Nodo ferroviario a nord di Bari
Nota Stampa di Massimo Maiorano
La messa in sicurezza dei centri abitati in prossimità dei passaggi a livello di Palese-Santo Spirito è un’urgenza non più negoziabile. Su questo punto sono fermo da oltre vent’anni e la mia posizione non è arretrata di un solo centimetro:
- Tutela dell’attuale tracciato per i servizi regionali e metropolitani – l’ossatura quotidiana dei pendolari;
- Eliminazione delle interferenze urbane con la realizzazione di sottovia e cavalcavia pedonali
- Variante esterna dedicata esclusivamente ai treni a lunga percorrenza e ai convogli merci;
Quando portai questa linea in Consiglio comunale nessuno – né i sindaci, né i parlamentari pugliesi, né larga parte della mia coalizione – ebbe il coraggio di sostenerla.

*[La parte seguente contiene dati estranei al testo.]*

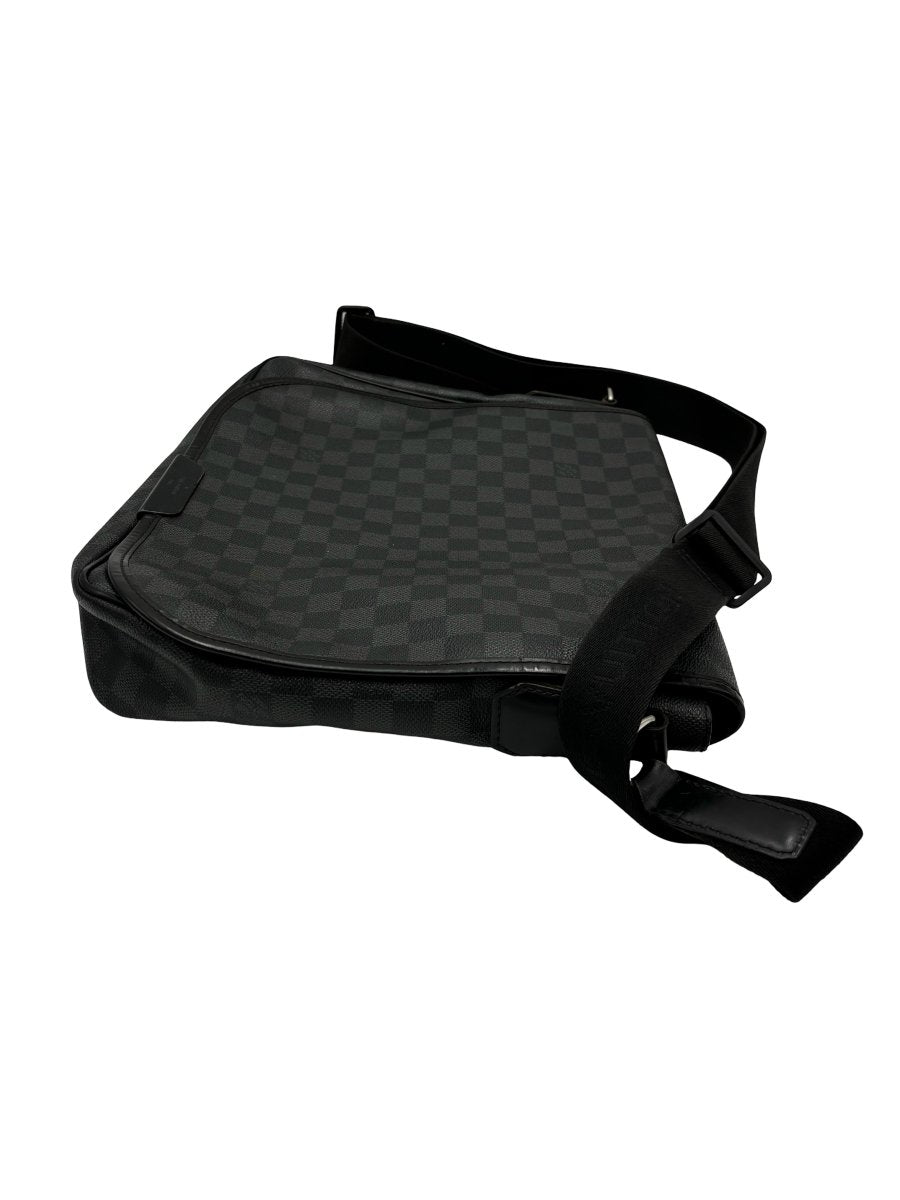 Louis Vuitton Daniel Messenger - Brandsamsara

Oggi i fatti mi danno ragione:
1. Il CIPESS – organo che finanzia solo opere strategiche e sostenibili – non può destinare risorse allo smantellamento di un’infrastruttura funzionante e già sostenibile, sarebbe un controsenso amministrativo prima ancora che politico;
2. Il nuovo Regolamento (UE) 2024/1679 sul TEN-T impone di potenziare e modernizzare le linee esistenti, non di cancellarle. Puntare alla demolizione metterebbe il progetto fuori norma e fuori Europa;
3. Senza quel binario, Palese e Santo Spirito resterebbero isolate, inghiottite dal traffico su gomma e condannate a un salto indietro di decenni;
4. Solo un progetto coerente con questi principi potrà attrarre fondi comunitari veri – dal Connecting Europe Facility (CEF) ad altri programmi europei – perché Bruxelles finanzia l’efficientamento delle reti, non la loro distruzione.

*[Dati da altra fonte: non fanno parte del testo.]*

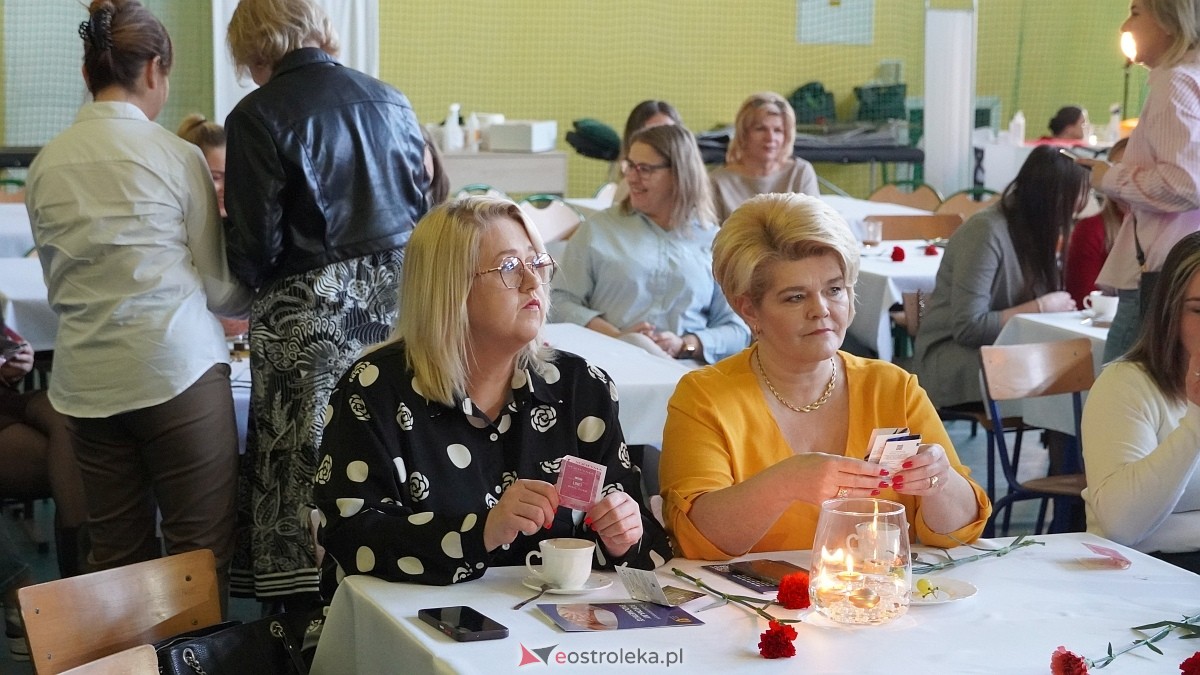 Być kobietą nowoczesną w ZSP w Troszynie [08.03.2025] - zdjęcie #62 - eOstroleka.pl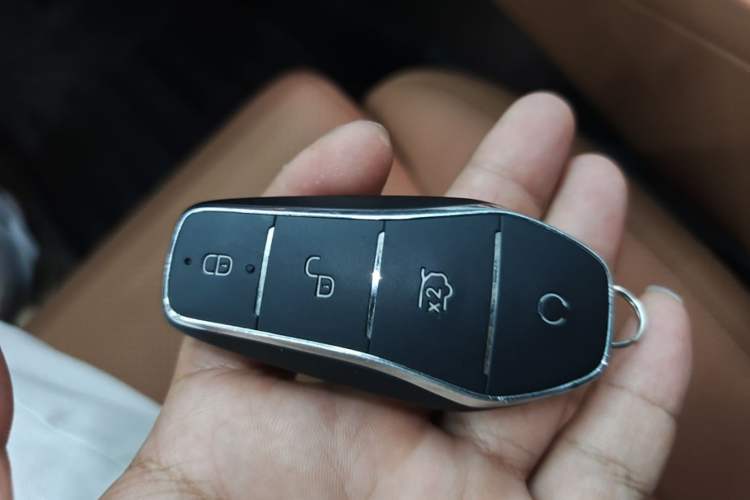 Used BYD Han L 2025 EV Four-Wheel Drive LiDAR Flagship Model Vehicle Key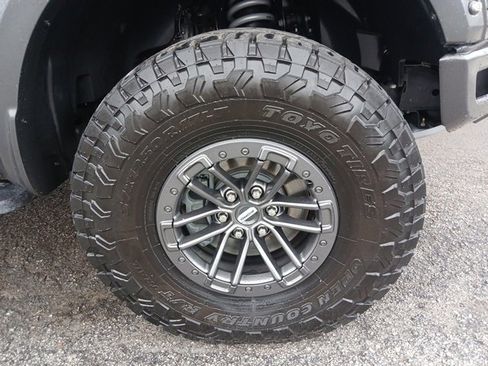 Used 2020 Ford F150 Raptor w/ Equipment Group 802A Luxury image 58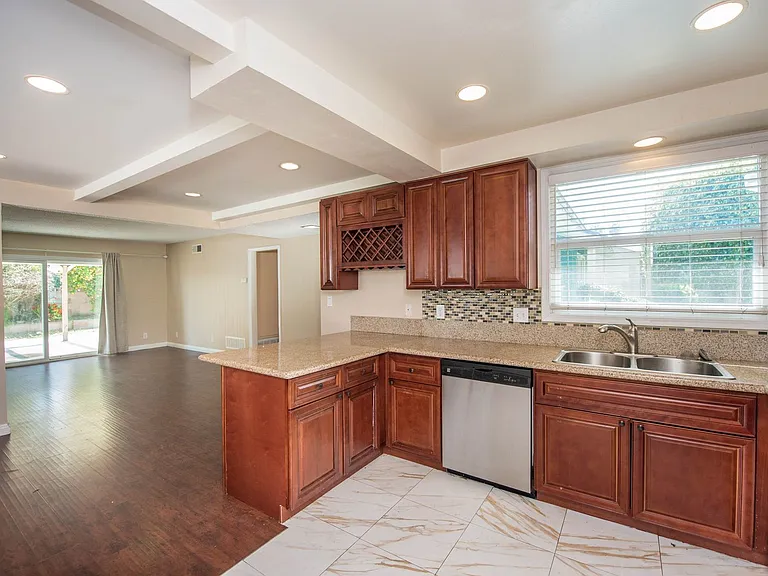 15412 Shasta Ln — Photo 9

Sopprimere un’infrastruttura strategica, utilizzata ogni giorno da migliaia di persone, è una scelta miope e irresponsabile. Chi persiste su questa strada se ne assuma pubblicamente la responsabilità.

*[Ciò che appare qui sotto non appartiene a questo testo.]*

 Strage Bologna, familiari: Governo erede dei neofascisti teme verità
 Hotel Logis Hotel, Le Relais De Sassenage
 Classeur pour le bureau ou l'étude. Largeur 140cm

Io continuerò a difendere il territorio e i cittadini del V Municipio: messa in sicurezza dei centri abitati in prossimità dei passaggi a livello, separazione delle infrastrutture, realizzazione della variante per i soli treni a lunga percorrenza (AV) o merci, potenziamento della rete esistente e accesso a finanziamenti europei sono l’unica via per evitare che il nostro futuro finisca su un binario morto.